→ Work instruction: As soon as the line containing "Corn Snake reptiles" appears, start repeating lines exactly and continue to the end of the entries; please skip pictures.

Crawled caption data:
---

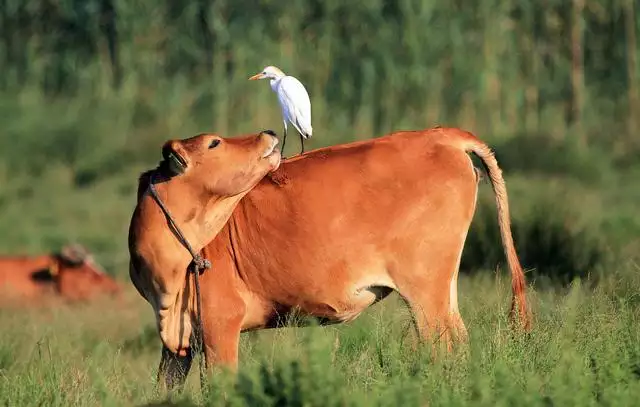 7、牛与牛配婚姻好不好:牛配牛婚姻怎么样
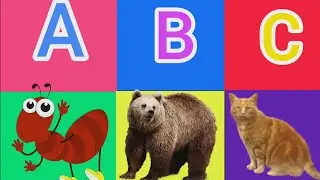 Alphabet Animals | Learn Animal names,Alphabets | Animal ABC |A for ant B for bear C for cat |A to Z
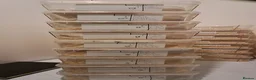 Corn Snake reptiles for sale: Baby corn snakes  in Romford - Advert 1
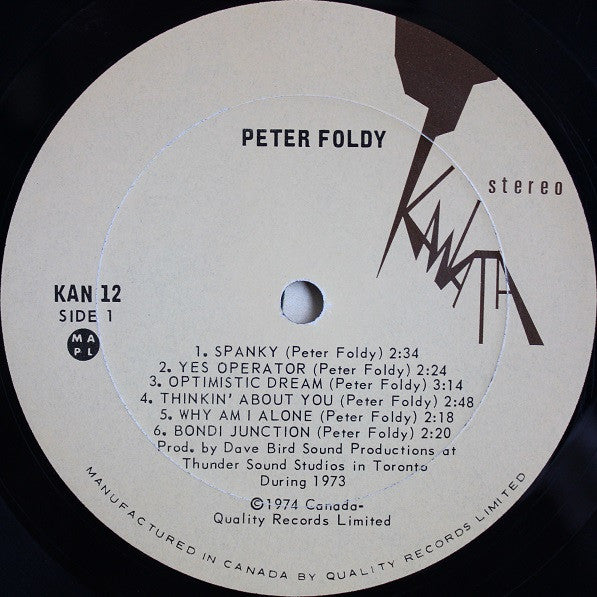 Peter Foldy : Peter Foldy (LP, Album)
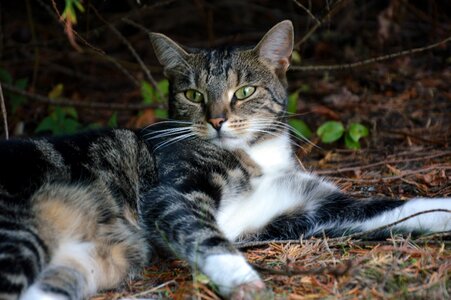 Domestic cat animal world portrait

---

→ Reply:
 Corn Snake reptiles for sale: Baby corn snakes  in Romford - Advert 1
 Peter Foldy : Peter Foldy (LP, Album)
 Domestic cat animal world portrait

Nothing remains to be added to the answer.